* Task brief *
Repeat the listing that follows, character for character, minus the pictures.

* Dataset content *
BEGIN

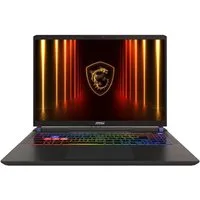 MSI Vector 16 HX AI A2XWHG-476 Gaming-Notebook (40.64 cm/16 Zoll, Intel Core Ultra 9 275HX, RTX 5070 Ti, 32 GB, 1000 GB SSD, 32 GB RAM)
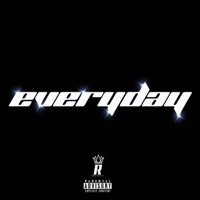Everyday (Bonus Track) - Single - Rasta Tahj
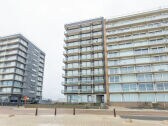 Appartement Middelkerke Buitenaudio-opname 1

END

* Output for this task *
 MSI Vector 16 HX AI A2XWHG-476 Gaming-Notebook (40.64 cm/16 Zoll, Intel Core Ultra 9 275HX, RTX 5070 Ti, 32 GB, 1000 GB SSD, 32 GB RAM)
Everyday (Bonus Track) - Single - Rasta Tahj
 Appartement Middelkerke Buitenaudio-opname 1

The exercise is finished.